## Task objective
Reproduce the listing that follows character for character, excluding its pictures.

## Given material
□ □ □ □ □
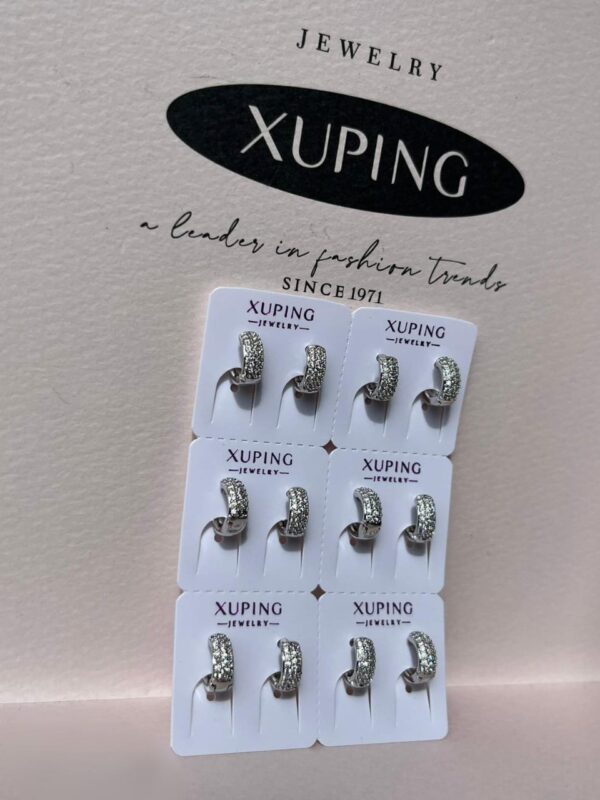 arete mini argolla xuping jewerly plateado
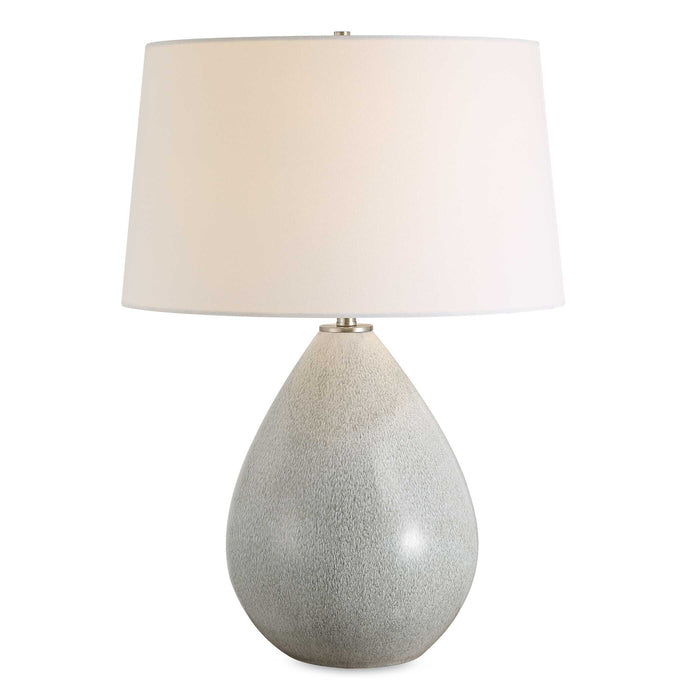 Moray One Light Table Lamp Brushed Nickel-Lamps-Uttermost-Lighting Design Store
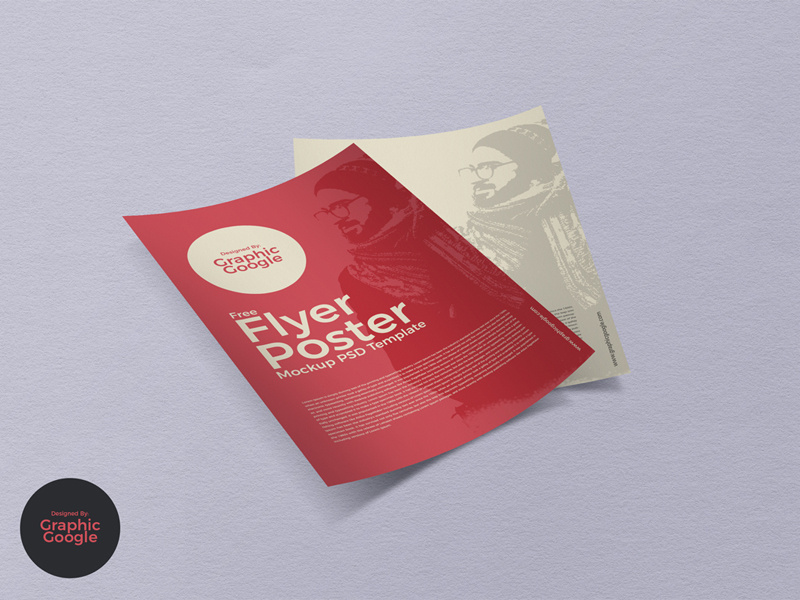 Free Flyer Poster Mockup PSD Template psd template free template freebie mockup free mockup poster mockup flyer mockup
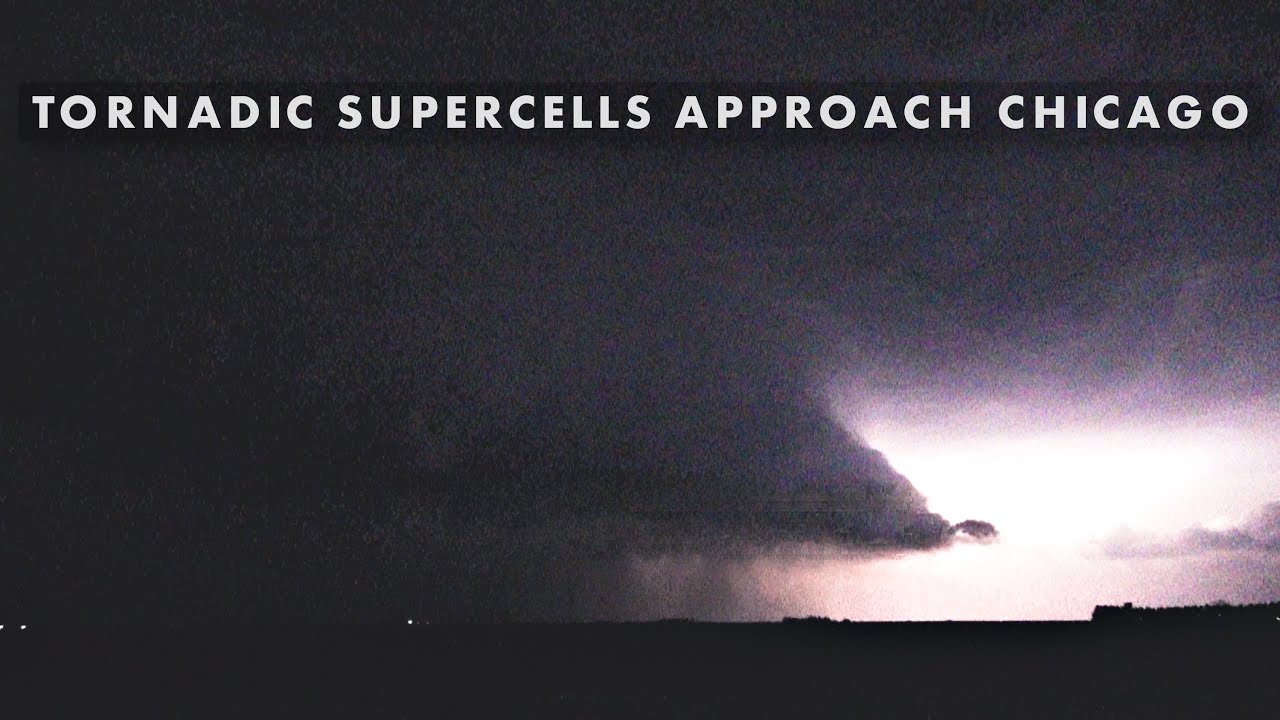 Tornadic Supercells Approach Chicago Suburbs | Feb 27th, 2024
□ □ □ □ □
## Expected output
 arete mini argolla xuping jewerly plateado
 Moray One Light Table Lamp Brushed Nickel-Lamps-Uttermost-Lighting Design Store
 Free Flyer Poster Mockup PSD Template psd template free template freebie mockup free mockup poster mockup flyer mockup
 Tornadic Supercells Approach Chicago Suburbs | Feb 27th, 2024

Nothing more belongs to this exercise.